Sales volumes at HeidelbergCement increased by 3% from 65.4Mt to 67Mt on a year-on-year basis in the first nine months of 2012, with a rise of 12% to 8.9Mt in North America and a rise of 7% to 22.1Mt in Asia-Pacific. However, it saw a decrease of 4% from 16.7Mt to 16.1Mt in western and northern Europe. Sales in western Europe, Central Asia and the Africa/Mediterranean Basin region remained at 2011 levels.
The company's cement earnings before interest, tax, depreciation and amortisation (EBITDA) margin grew from 23.5% in March 2012 to 24.4% in September 2012 and the positive trend is expected to continue.

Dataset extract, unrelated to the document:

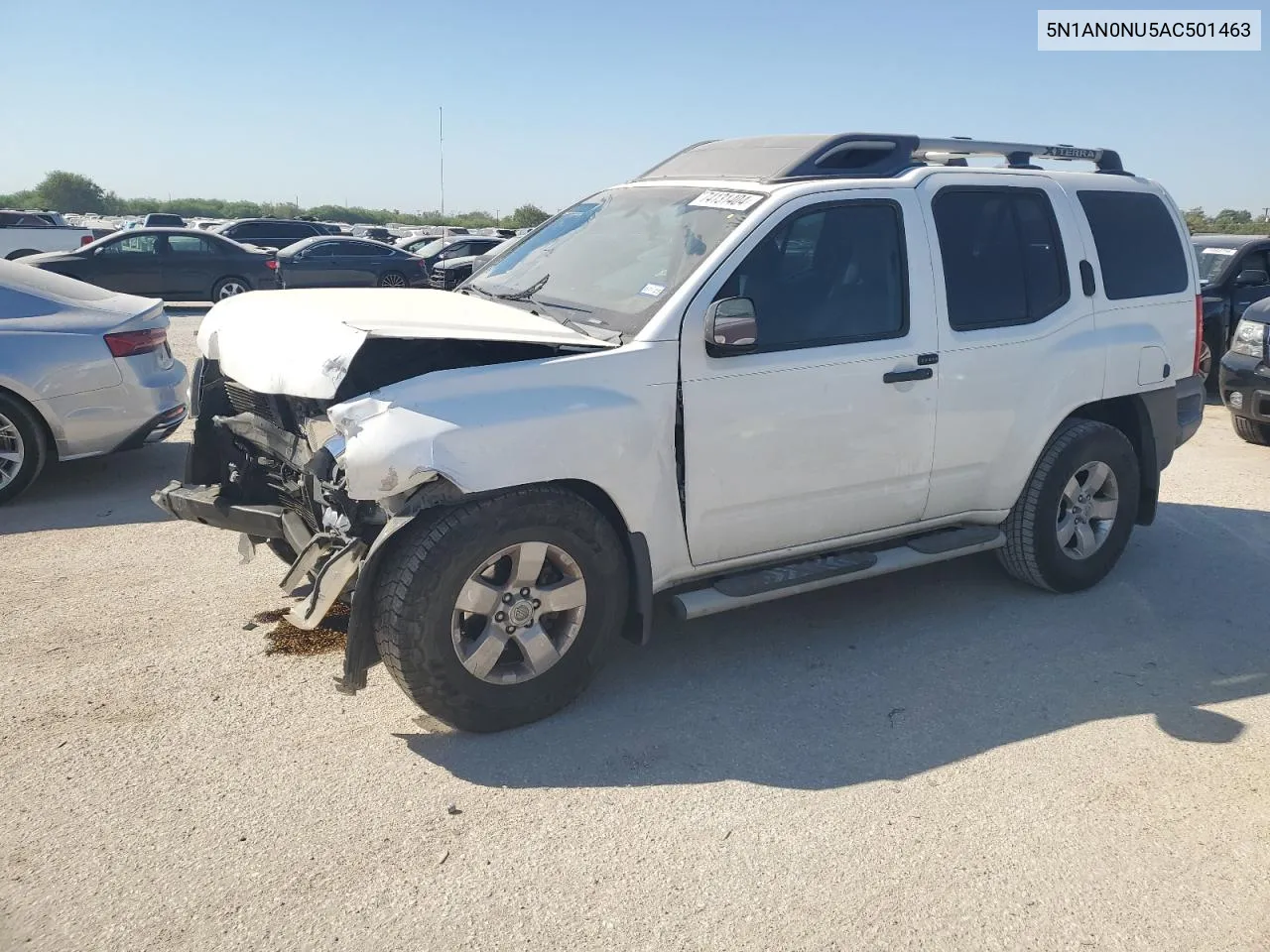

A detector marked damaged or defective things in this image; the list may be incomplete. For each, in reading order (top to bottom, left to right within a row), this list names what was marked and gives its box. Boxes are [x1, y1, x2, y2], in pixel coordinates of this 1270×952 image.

crushed hood [197, 287, 609, 398]
damaged white suv [153, 134, 1204, 731]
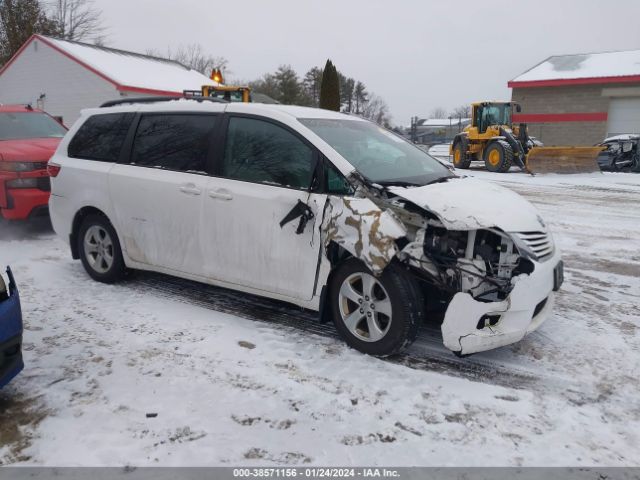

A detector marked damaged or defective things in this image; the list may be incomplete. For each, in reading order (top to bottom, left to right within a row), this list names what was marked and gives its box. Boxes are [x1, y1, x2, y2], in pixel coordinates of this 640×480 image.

In the first nine months of the year the company's turnover decreased by 2.1% to US$11.27bn. However, Cemex, seventh in the list, saw its EBITDA increase by 9% to US$2.0bn (on a like-to-like basis by 13%) and operating income in the third quarter increased by 35% to US$410m. Cemex performed solidly in South America but Cemex saw its net sales in the Mediterranean region (mainly Spain) fall by 19% to US$342m in the third quarter on the back of very poor economic conditions in that country.
In the future
The development of the global cement industry is expected to continue. In India, for example, the 'Indian Cement Industry Forecast' by RNCOS sees the country's cement production grow at a compound annual growth rate (CAGR) of around 12% over the period to 2014, reaching 303Mt/yr.
Sufficient raw material availability and various incentives provided by the state governments make this region lucrative for investments. Numerous domestic and international cement companies are striving to establish their production base in this region, although numerous local producers currently hold sway in the market.
Lafarge expects the global cement market demand to grow by 4.6% CAGR through 2015, while assuming a total GDP world growth of 3.4% CAGR as per IMF predictions and no further major economic shocks in the global economy. Lafarge interestingly excluded eastern Europe in this general forecast. It sees cement demand in Europe to fall by 0.6%/yr CAGR for 2011 to 2015. The group says that its priorities to 2015 are extracting more value from the existing plants and driving a higher output from the existing plants for an additional 13-15Mt/yr, especially expanding in the emerging markets.
HeidelbergCement is also expanding, mainly in the emerging countries. 10Mt of additional capacity will come online in 2012 and 2013. Its largest project for 2014 will be in Indonesia, where it is building a 4Mt/yr integrated cement plant.
According to a forecast by China Cement Industry Report for the 2010–2015 period, domestic output of cement in China will register 2.48Bnt and its capacity will reach 2.75Bnt in 2015. All of the top-ranked Chinese producers plan to expand their capacities, despite the existing over-capacity in the country. Could this lead to even more exports from China or will the domestic market be able to defy Société Générale de Surveillance's prediction?
Today, the biggest challenge for the top-ranking global cement companies is to keep up with rapid growth in demand in developing markets, while taking steps to forge a more sustainable global cement industry for the future. The higher the rank of the company, the more responsibility it has with regards to this second target.